# Husband isn't attracted to me. Please help.



## vsmiss2003 (Nov 24, 2009)

I have known my husband for 12 years. We dated all through our undergraduate careers. Then, when we broke up, we dated each others friends to piss each other off. We dabbled in threesomes when we were not "together" but still hanging out. After the 4 year relationship, we saw each other about once a year to "hook up". The last time we "hooked up" was in 2004 and he asked me to marry him. Of course I was thrilled, I had always been in love with him. I figured the old saying was true, "you let something go and if it comes back then it's really yours". 

We were married in 2005 and had a son in 2007. Daddy stays home with our son who goes to School 2 days a week. He also works part time from 6 - 10pm. 

I teach. I leave the house at 7 am and get home about 30 minutes before he leaves to go to work. I go to bed right after he arrives home. Needless to say, we don't have much time together.

However, I noticed, right after we got married we stopped having sex. We didn't even have sex on our honey moon. I mean. We've been having sex for 12 years so nothing new so I wondered if it was not just him adjusting to being "married". I begged for sex. I wanted it all the time. Every freaking website I visits talks about how when you get married the wife stops wanting to have sex.....total opposite here. 
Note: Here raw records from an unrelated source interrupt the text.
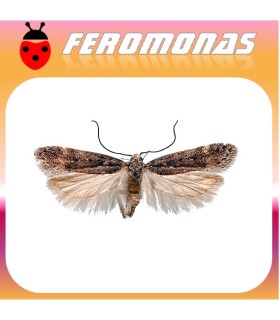 Feromonas para PHTHORIMAEA OCELLATELLA Polilla de la remolacha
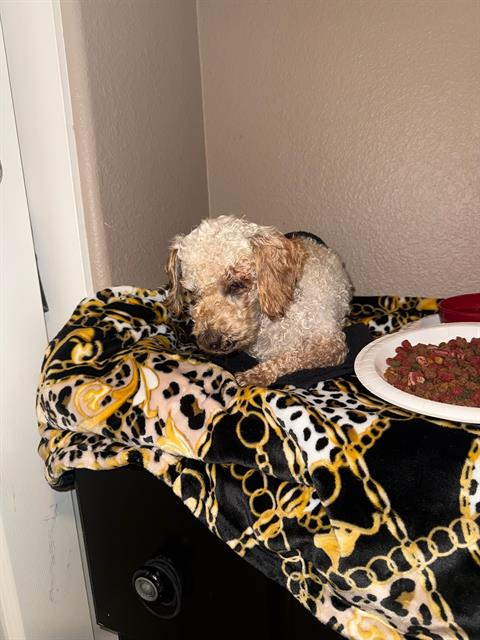 Shelter Stray Male Dog last seen NORTHGATE BLVD & HAGGIN AVE, 2127 Front St, Sacramento, CA 95818, USA
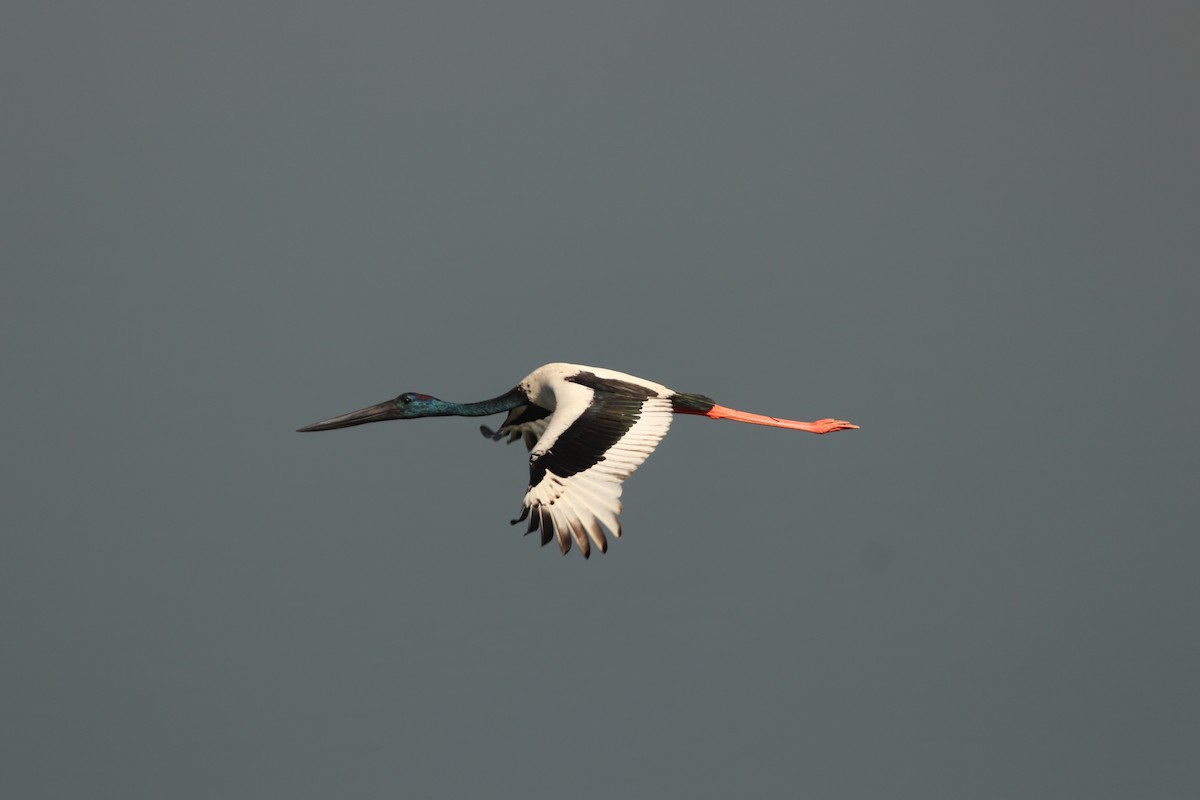 Black-necked Stork - ML192682571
We just started going to marriage counceling because we are not communicating, and there is no intimacy. The first session he said he wasn't attracted to me. I haven't changed a whole lot since we got married, so why did he marry me I asked. Because I was cool to hang out with he said and smart and the only female friend he had had for so long and trusted. 

All of these things are fine and dandy but i need some intimacy. He made excuses to the councelor "The baby is in the bed" I took the baby out of the bed. "She doesn't bathe before bed" I bathed, exfoliated, douched and shaved. 

Then last night I find where he has gotten online and applied to adult friend finder. That doesn't bother me so much. If he wants to look at some porn go ahead. However, his profile said. "Sex starved man up for just about anything who believes managomy is unnatural". 

I am devestated. What is the next step.


----------



## MarkTwain (Aug 1, 2008)

vsmiss2003 said:


> "Sex starved man up for just about anything who believes managomy is unnatural".
> 
> I am devestated. What is the next step.


Show him the above quote, and ask for an explanation.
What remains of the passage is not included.